- _What is needed_:
From the first line through the line containing "Over-Ear Headphone Travel Case", transcribe the records exactly and include no other lines.

Stored items from a collection:
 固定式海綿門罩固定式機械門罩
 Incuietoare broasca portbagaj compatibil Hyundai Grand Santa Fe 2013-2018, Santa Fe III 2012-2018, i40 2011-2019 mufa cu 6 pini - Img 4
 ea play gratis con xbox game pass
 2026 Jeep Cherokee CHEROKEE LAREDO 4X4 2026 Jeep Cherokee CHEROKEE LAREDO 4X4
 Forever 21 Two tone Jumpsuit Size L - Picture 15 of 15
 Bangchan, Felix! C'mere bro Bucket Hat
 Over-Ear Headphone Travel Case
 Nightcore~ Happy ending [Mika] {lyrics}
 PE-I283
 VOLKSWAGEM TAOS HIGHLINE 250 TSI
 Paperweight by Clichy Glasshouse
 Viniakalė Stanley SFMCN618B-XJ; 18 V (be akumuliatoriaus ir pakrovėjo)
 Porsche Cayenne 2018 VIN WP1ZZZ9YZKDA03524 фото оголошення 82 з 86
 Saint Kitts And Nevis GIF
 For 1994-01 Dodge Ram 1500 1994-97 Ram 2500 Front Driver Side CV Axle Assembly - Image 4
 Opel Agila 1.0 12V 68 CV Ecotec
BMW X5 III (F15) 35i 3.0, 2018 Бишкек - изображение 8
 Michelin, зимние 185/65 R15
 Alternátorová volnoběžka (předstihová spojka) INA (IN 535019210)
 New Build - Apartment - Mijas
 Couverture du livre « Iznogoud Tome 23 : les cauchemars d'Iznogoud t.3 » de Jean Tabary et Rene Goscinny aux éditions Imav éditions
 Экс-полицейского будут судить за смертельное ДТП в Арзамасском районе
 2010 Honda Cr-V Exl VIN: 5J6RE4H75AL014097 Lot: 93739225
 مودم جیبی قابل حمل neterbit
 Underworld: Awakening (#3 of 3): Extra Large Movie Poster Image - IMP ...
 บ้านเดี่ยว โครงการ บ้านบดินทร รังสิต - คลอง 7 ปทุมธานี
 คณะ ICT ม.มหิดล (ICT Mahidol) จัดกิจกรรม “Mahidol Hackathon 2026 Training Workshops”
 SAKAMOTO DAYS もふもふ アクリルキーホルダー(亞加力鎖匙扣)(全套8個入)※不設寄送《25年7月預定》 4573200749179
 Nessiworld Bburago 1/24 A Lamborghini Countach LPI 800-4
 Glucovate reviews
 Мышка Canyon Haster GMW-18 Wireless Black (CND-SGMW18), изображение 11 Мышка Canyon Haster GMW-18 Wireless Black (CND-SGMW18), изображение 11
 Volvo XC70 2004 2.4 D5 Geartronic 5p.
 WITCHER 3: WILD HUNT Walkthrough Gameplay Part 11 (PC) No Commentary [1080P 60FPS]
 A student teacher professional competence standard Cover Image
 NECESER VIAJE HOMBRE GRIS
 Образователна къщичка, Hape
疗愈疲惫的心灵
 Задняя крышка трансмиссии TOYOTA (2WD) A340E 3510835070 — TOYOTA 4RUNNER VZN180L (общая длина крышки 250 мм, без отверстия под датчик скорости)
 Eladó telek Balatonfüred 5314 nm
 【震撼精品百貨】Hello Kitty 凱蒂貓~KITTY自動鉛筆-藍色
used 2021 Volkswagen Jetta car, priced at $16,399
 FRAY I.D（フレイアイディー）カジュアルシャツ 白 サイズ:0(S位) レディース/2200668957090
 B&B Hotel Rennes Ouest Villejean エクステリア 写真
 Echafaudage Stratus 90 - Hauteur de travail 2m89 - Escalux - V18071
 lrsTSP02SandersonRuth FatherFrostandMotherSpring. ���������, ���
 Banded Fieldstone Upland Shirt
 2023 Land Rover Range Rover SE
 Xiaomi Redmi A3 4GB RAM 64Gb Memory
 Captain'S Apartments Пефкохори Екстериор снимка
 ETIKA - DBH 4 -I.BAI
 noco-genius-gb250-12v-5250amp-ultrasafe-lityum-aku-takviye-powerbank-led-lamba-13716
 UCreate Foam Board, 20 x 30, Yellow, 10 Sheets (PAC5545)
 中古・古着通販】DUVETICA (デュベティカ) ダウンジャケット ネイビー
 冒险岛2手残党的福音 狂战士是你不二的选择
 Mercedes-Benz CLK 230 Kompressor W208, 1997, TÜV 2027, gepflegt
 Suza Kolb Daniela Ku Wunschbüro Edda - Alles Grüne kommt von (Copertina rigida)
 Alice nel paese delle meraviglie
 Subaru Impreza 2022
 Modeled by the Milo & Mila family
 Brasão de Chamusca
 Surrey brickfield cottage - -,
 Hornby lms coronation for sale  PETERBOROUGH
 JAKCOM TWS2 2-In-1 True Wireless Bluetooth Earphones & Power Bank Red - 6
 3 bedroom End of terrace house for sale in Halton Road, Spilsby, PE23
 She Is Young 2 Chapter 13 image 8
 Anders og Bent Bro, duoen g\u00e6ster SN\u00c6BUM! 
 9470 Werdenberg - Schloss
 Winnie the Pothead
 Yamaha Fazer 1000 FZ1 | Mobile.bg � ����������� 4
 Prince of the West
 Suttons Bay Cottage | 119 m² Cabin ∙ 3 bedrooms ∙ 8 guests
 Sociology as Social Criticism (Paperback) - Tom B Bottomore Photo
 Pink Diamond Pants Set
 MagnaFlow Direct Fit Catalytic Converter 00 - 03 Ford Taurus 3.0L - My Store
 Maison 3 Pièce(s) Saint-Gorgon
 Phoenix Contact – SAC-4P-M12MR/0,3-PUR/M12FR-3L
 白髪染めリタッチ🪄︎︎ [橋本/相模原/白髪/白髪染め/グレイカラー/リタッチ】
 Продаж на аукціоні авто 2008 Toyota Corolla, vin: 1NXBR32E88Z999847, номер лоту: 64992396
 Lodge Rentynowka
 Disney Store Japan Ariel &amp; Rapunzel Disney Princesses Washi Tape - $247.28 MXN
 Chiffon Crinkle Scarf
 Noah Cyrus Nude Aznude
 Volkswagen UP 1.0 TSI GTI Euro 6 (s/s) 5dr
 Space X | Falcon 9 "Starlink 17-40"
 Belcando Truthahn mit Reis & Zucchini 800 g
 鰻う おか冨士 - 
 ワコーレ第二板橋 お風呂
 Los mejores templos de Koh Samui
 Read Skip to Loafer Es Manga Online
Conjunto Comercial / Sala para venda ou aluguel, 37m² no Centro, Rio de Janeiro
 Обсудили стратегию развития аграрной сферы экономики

- _Solved problem_:
 固定式海綿門罩固定式機械門罩
 Incuietoare broasca portbagaj compatibil Hyundai Grand Santa Fe 2013-2018, Santa Fe III 2012-2018, i40 2011-2019 mufa cu 6 pini - Img 4
 ea play gratis con xbox game pass
 2026 Jeep Cherokee CHEROKEE LAREDO 4X4 2026 Jeep Cherokee CHEROKEE LAREDO 4X4
 Forever 21 Two tone Jumpsuit Size L - Picture 15 of 15
 Bangchan, Felix! C'mere bro Bucket Hat
 Over-Ear Headphone Travel Case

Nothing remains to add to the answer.